В конце минувшей недели на сцене Театра имени Моссовета Мастерская Петра Фоменко показала "Балаганчик" в постановке Ивана Поповски. Это была московская премьера. Европейская прошла в мае на сцене парижского театра Odeon. "Балаганчиком" завершался театральный "Русский сезон" в Париже.
Давно уже премьера не ожидалась театральной и околотеатральной Москвой с таким нетерпением и ревнивым беспокойством. Театр рождался из учебного курса буквально на глазах у всех. Становление Мастерской было скорым, успех — громким, искренним болельщикам и доброжелателям не знали числа. Поэтому в большую международную жизнь путь был прост: французский продюсер увидел в Москве чудесное цветаевское "Приключение", поставленное Поповски. Провожали с гордостью и с опасливыми напутствиями — как "домашних" детей в чреватую соблазнами, но щедрую на шансы столицу. Из таких поездок обычно возвращаются в отчий дом или не скоро и победителями, или скоро — но с синяками.

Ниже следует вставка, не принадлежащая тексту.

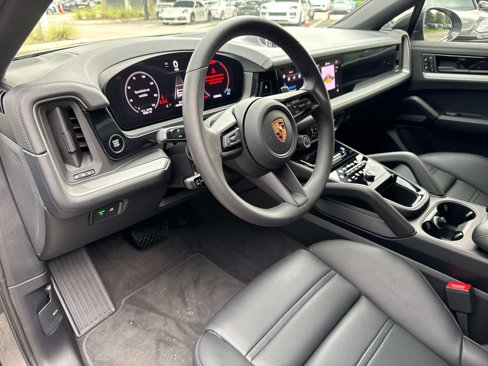 Certified 2025 Porsche Cayenne Coupe image 24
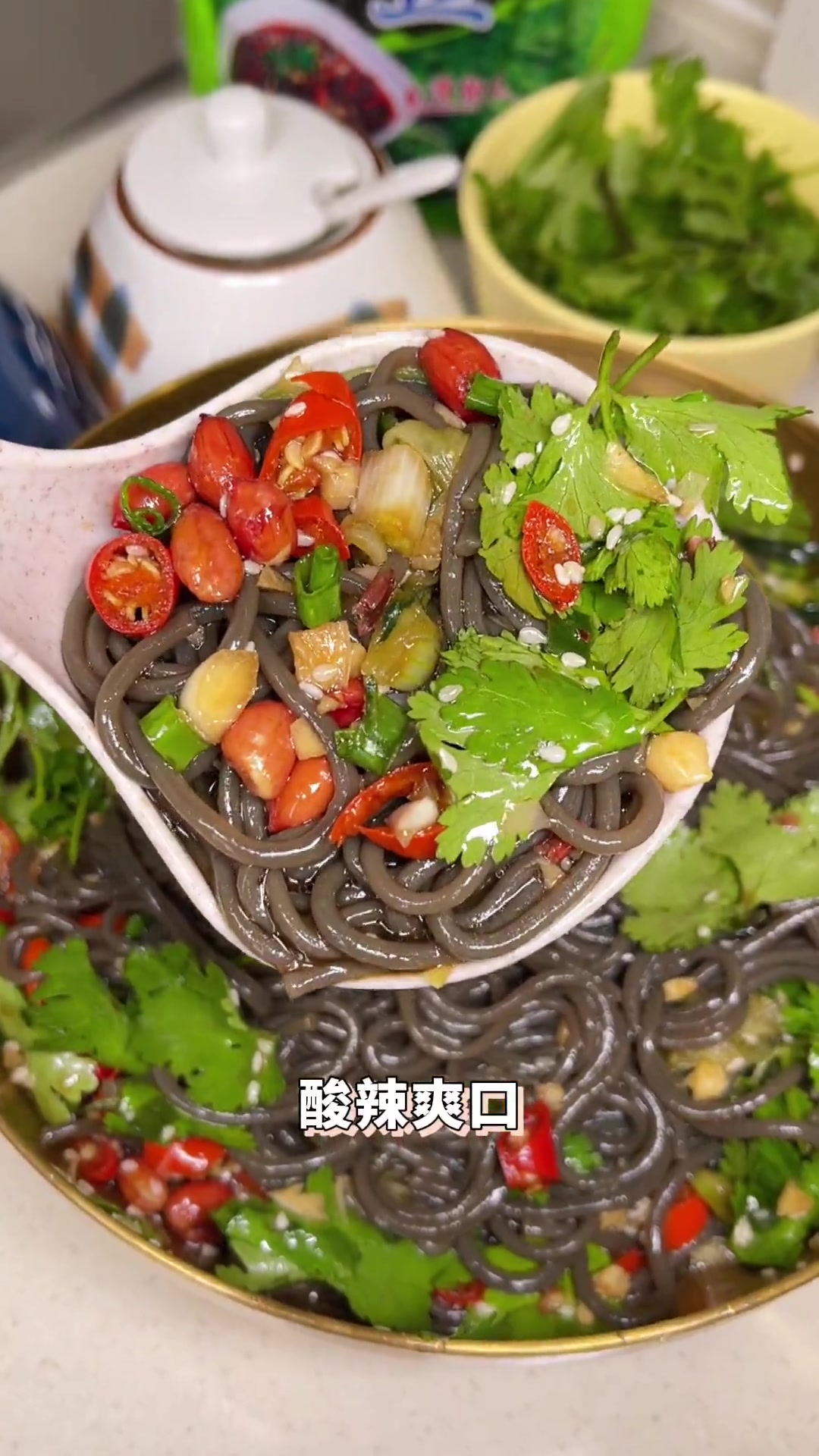 在家也能做好吃的凉拌蕨根粉,味道酸酸辣辣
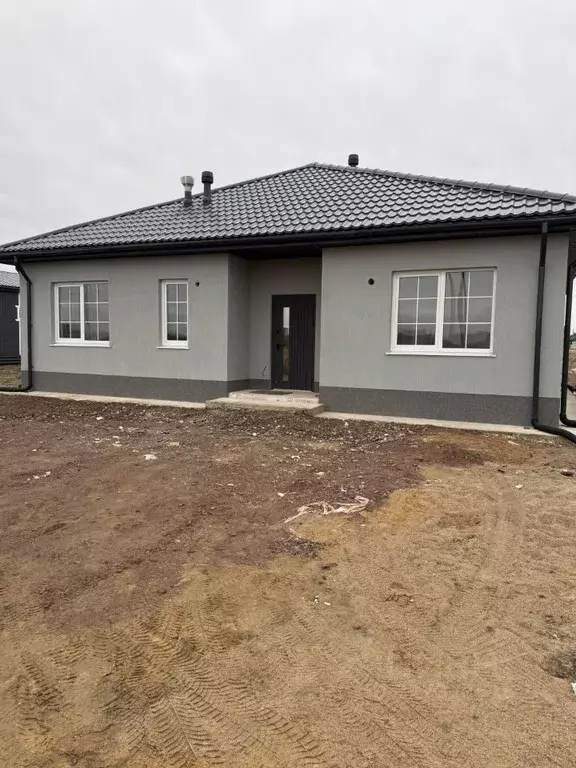 Коттедж в Ленинградская область, Ломоносовский район, Русско-Высоцкое ... - Фото 1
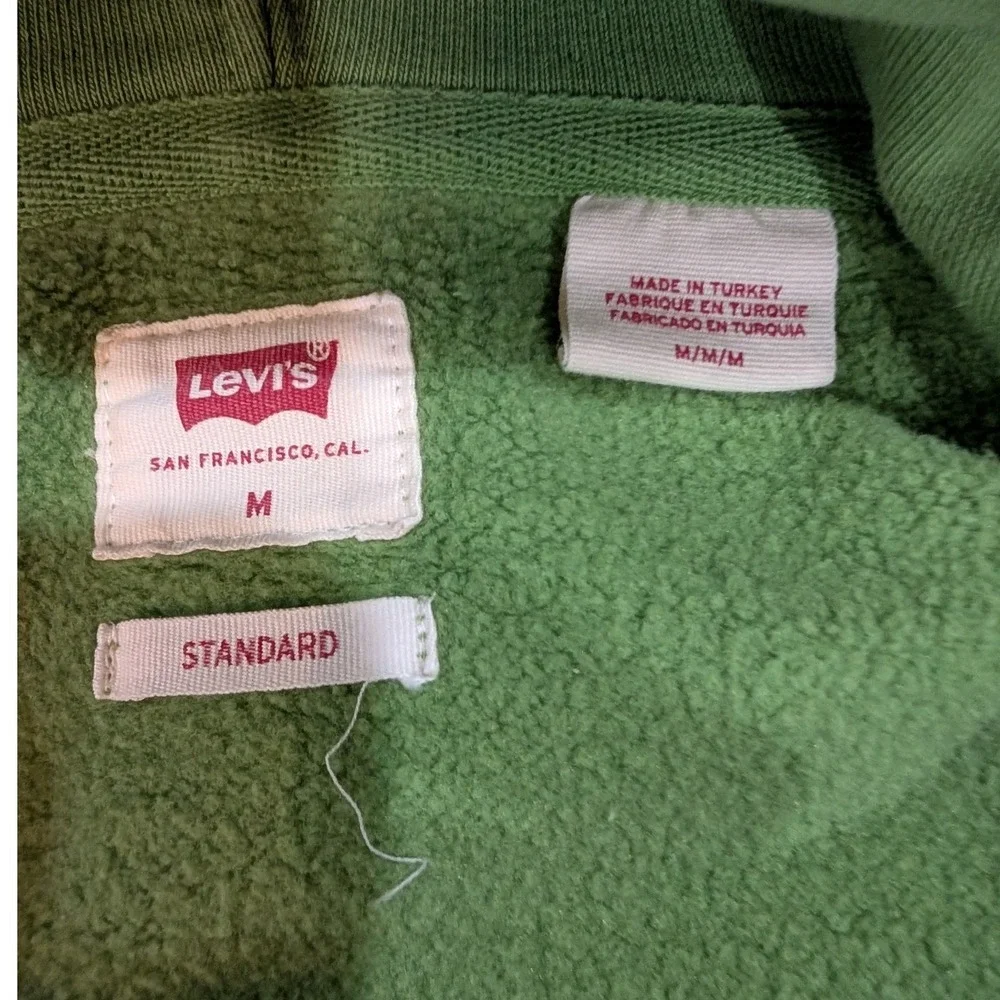 Levi's Green Mountain Graphic Hoodie Sweatshirt Casual Comfort Size M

У тех, кто был в курсе французских дел, допытывались, как прошло там. Прошло ровно. Кто-то из критиков ругался на чем свет стоит, кто-то приветствовал, кто-то уважительно размышлял, списывая свое недоумение, как водится, на загадочность русской души. Так что вернулась Мастерская быстро, но без травм. Правда, на московской премьере видевшие спектакль в Париже сетовали: и свет здесь не тот, и вроде сцена других размеров. Дело, конечно, не в этом.

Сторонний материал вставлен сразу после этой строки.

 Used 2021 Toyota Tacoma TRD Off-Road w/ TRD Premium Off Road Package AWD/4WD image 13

Поставленный на заказ, спектакль Поповски — не удача и не провал. Воспоминания о нем похожи на слайд-фильм. Взгляд зрителя невольно фиксирует, словно стоп-кадры, красивые мизансцены. Их немало. Режиссер вместе с художником Владимиром Максимовым позаботились о том, чтобы сотворить приятное для глаз зрелище. Когда заканчивается первая сцена (к слову, не удавшаяся совершенно, никак не решенная и потому играемая по-студенчески банально) и занавес, изображающий стену кабака, уплывает вверх, из черноты проема возникает белоснежный асимметричный павильон на наклонном подиуме. В искривленном игровом пространстве потом начнут появляться группы персонажей то в белых костюмах, то в черных, то в пестрых, карнавальных. Они будут кружиться в танцах, продуваться порывами ледяного зимнего ветра, бродить поодиночке и группами, ритмично покачиваться, застывать в оцепенении, тесниться, образуя некое многоголовое и многорукое существо. Пластическая партитура спектакля не лишена прихотливого изящества и изобретательности. Улетающая к колосникам мебель, подтягиваемые в бездонное небо марионетки, будто нанизанные на бесконечную нить, падающий снег — уютно-таинственный за окнами кабачка и слепящий, сухой "на улице", размыкающаяся задняя стена павильона, за которой бездонная бархатная ночь с желтыми фонарями, — это приятные свидетельства того, что и пространственная партитура рождалась не в один день. Запоминается эффектный финал: персонажи прорывают бумажные перегородки, исчезают в никуда, а через сцену, мимо трепещущих на ветру обрывков, спускается в зрительный зал таинственная Незнакомка. Картинки, способные с равной силой порадовать и Москву, и Париж.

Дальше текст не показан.